We are already seeing regiments of Obamaites prosecuting smaller and smaller business owners who invoke the First Amendment to be faithful to their religious principles. These include the baker who refused to bake a wedding cake for a same-sex marriage and the photographer who refused to photograph a same-sex marriage ceremony, although they were quite willing to do any other business with gay customers.
The supremacist judge who ruled against the photographer and imposed a fine pompously declared it “the price of citizenship.” Has kowtowing to Obama’s redefinition of the First Amendment now become the price of American citizenship and of doing business in the United States?
Will all denominations be ordered by some judge to recognize same-sex marriages? Will churches that refuse an order to conform be hit with steep and ongoing fines like the fines that threaten Hobby Lobby, or be denied tax exemption? Make no mistake; we are in a war for religious liberty.

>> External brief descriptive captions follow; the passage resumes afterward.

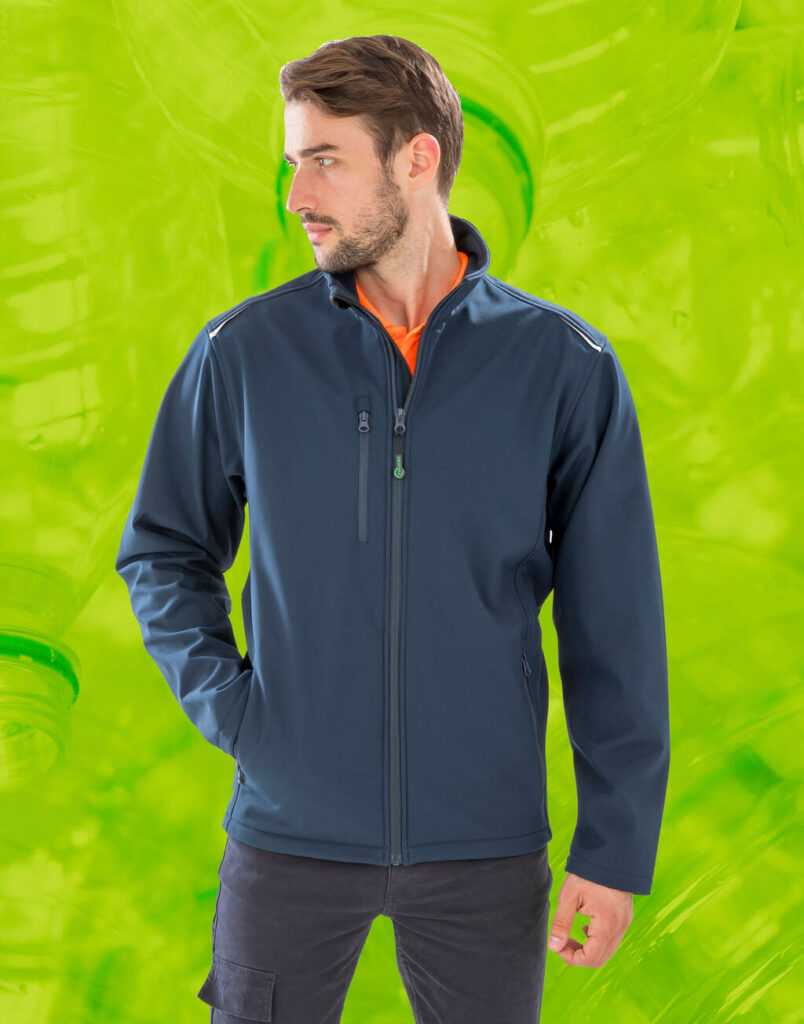 Recycled 3-Layer Printable Softshell Jacket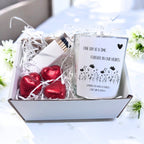 Personalised Forever in Our Hearts Candle Gift Set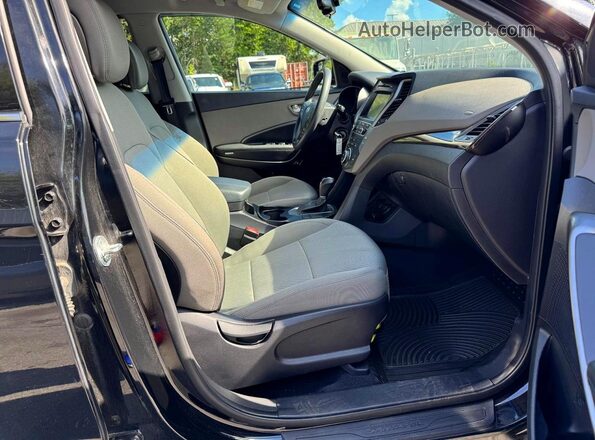 5NMZUDLB0HH035794 2017 HYUNDAI SANTA Серебряный Вид задних сидений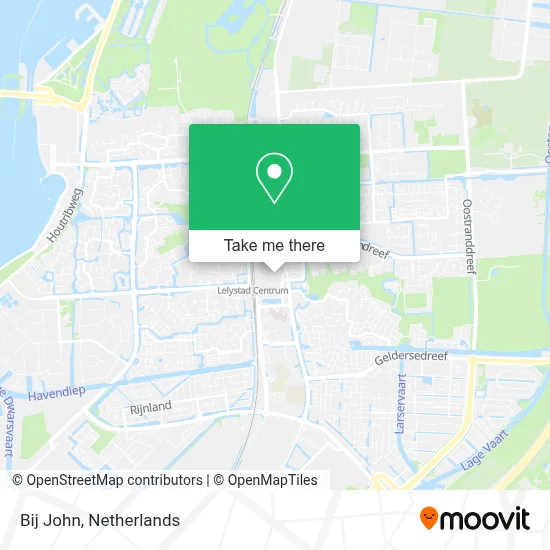 Bij John map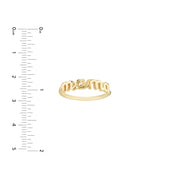 Cursive Mama Ring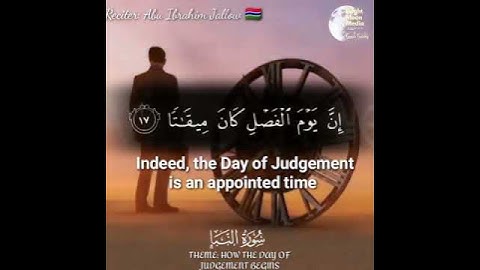 قراءة الطّالب/ محمد إبراهيم جالو اللّبوي الدلني،بعض الآيات في سورة النبأ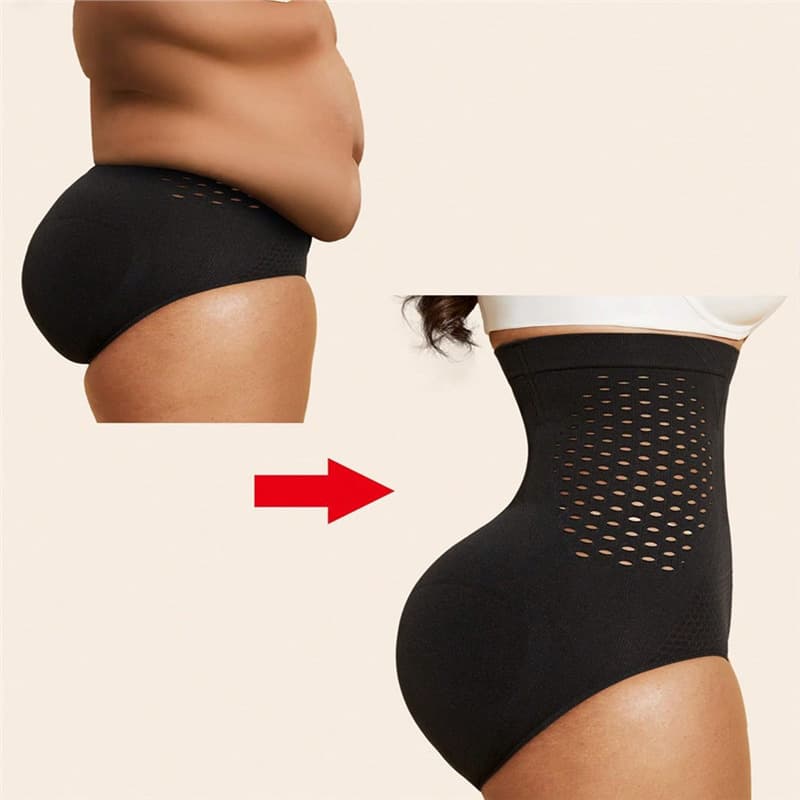 Cross-border High-Waist Tummy Control Shapewear Panty for Women Body Shaping Butt Lifting Slimming Postpartum High-Waist Ladies Underwear Breathable Holes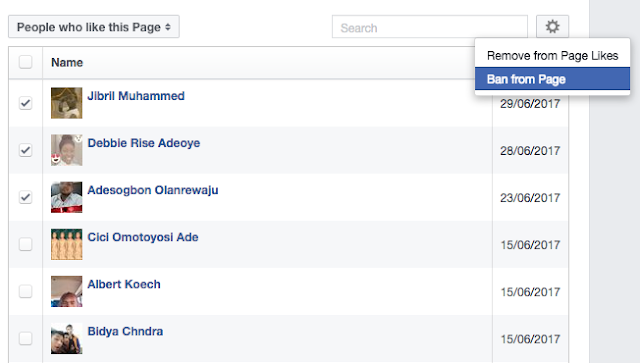 How to ban someone on your Facebook page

One of Obama’s famous lies is: If you like your insurance, you can keep it. We can now almost hear him saying, If you like your religion, you can keep it; but just as Obamacare lets you keep your insurance only if it complies with obnoxious federal regulations, Obama wants you to be able to keep your religion only if you speak your words of faith behind closed doors, and only if you pay tremendous fines to the government. That doesn’t meet any recognized definition of our First Amendment’s “free exercise” of religion.
Since Obama became President, two other groups have joined his anti-religion campaign, the military and the public school system. Perhaps they want to curry favor with the Commander-in-Chief or with the grant-awarding bureaucrats in the Department of Education, or maybe they merely want to show they are politically correct.
Obama has made it clear that he doesn’t want any expression of religious faith in any public place, including buildings or schools or events. He wants to redefine the First Amendment from “free exercise” to “freedom of worship,” which means you would only be able to go inside your church, shut and perhaps lock the doors, and say a prayer where no one else can hear you.
When the Founding Fathers wrote “free exercise” of religion into the Constitution, they meant public as well as private exercise. Most of the famous people in American history talked openly about their faith and religion, and public expression of faith in God and religious principles by America’s leaders has been part of our history and culture since the beginning.